However, once the virus has transmitted effectively and passed its peak of transmissibility, it really doesn't matter whether it causes some horrible disease, at least not in an evolutionary sense. As an example, HIV has a 99% case-fatality rate when untreated, but it takes literal years to get to that lethal point. There is very little selective pressure on the virus related to that lethality, because it can effectively and successfully spread itself to new hosts without worrying about its current host's ultimate survival. Here, the pressures on transmission and propagation are separated from the pressures on virulence factors.

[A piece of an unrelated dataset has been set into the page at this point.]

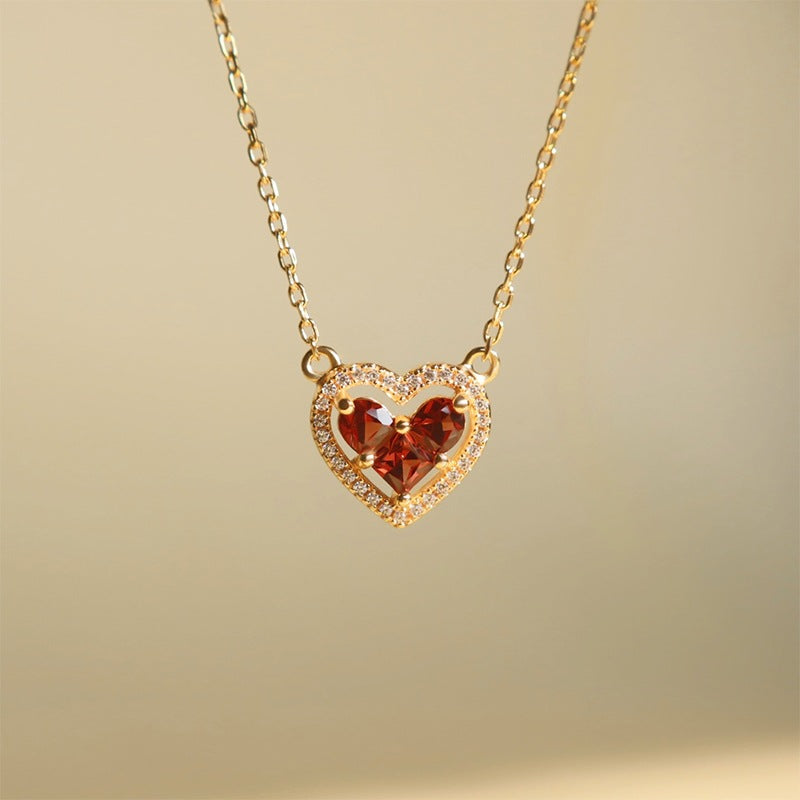 Gold heart garnet necklace with diamond accents in soft lifestyle lighting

For SARS-CoV-2, peak transmissibility can occur before symptoms ever appear. At first detection, most eventually severe cases appear relatively mild. Look, for example, at the case of Donald Trump, who was likely the index patient for an outbreak that began in the White House's Rose Garden. By all reports, President Trump basically felt like he had a mild cold going into this event. He tested positive shortly after the ceremony in the Rose Garden, and from that event, 52 additional cases of COVID-19 were generated. That event was on September 26th, so likely between 4 and 7 days after Trump became infected.

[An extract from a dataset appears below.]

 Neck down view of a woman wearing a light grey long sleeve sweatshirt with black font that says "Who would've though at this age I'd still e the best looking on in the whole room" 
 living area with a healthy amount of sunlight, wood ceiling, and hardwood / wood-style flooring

He was hospitalized for COVID-19 on October 1st of 2020. By then, the damage was largely done in terms of passing on the virus, and from what we know about the kinetics of such infections, he was probably well past peak transmissibility by that time as well. At that point, the virus he was infected with seems to have been fantastically successful, even compared its fellow relatives in the SARS-CoV-2 strain. 53 is a huge number of cases in a single cluster. If it had killed President Trump after October 1st, this would not have had an impact on its overall evolutionary success.

SARS-CoV-2 has a number of pathogenesis factors, but many of them rely on virus-host interactions and the production of inflammatory signals by the host in order to bring about tissue damage. A lot of the treatments that are used in hospitals for COVID-19 focus on lessening host inflammatory responses, rather than on doing anything to the virus itself. My point in this is that in your severe and potentially fatal cases, the immune system has generally responded, and that response usually takes place after peak transmissibility. It's hard to see what fitness a virus could achieve if it acquired a mutation that reduced these pathogenic effects.

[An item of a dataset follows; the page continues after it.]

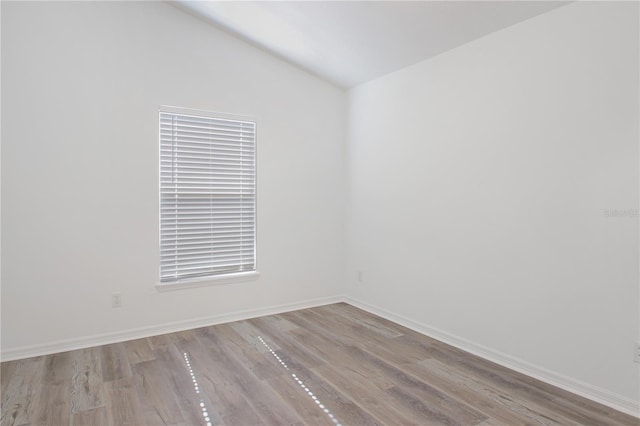 empty room featuring vaulted ceiling and light hardwood / wood-style flooring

We know that asymptomatic and presymptomatic patients can make a big contribution to the transmission of SARS-CoV-2, also. There are plenty of these patients; the presymptomatic population may substantially overlap with the ~7% who are hospitalized and the ~1% who die.

So overall my point is that a lot of the transmission of this virus is happening well before peak symptoms, and evolutionary pressures are all about transmission. Fit viruses survive to replicate and transmit; unfit viruses do not survive to replicate and transmit. If the virus can do those activities before killing its hosts, then evolution will exert little pressure on whether it kills those hosts or not in the end.

This isn't true for every virus. Some viruses only transmit when the host is symptomatic. Those viruses will probably (but not always) be under evolutionary pressure favoring a reduction in pathogenicity, because the less debilitated the host is, the more likely the virus is to spread. Unfortunately, SARS-CoV-2 isn't a virus of that type.

This doesn't mean all hope is lost for gradual reduction in virulence, but it does mean we have no reason to assume there should be such a reduction. It is possible that there is an overlap between sequence that supports pathogenicity factors and sequence that supports transmission, and that changes to enhance one will compromise the other. If that's the case, then the virus could very well have this kind of trend. But I know of no evidence of such a thing, so I can't assume that it will happen this way.

At the present time, the evidence I have available tells me that the capacity of SARS-CoV-2 to cause disease, and its capacity to infect, survive, replicate, and transmit are not directly linked. So I don't expect it to become less virulent as a result of evolutionary pressure.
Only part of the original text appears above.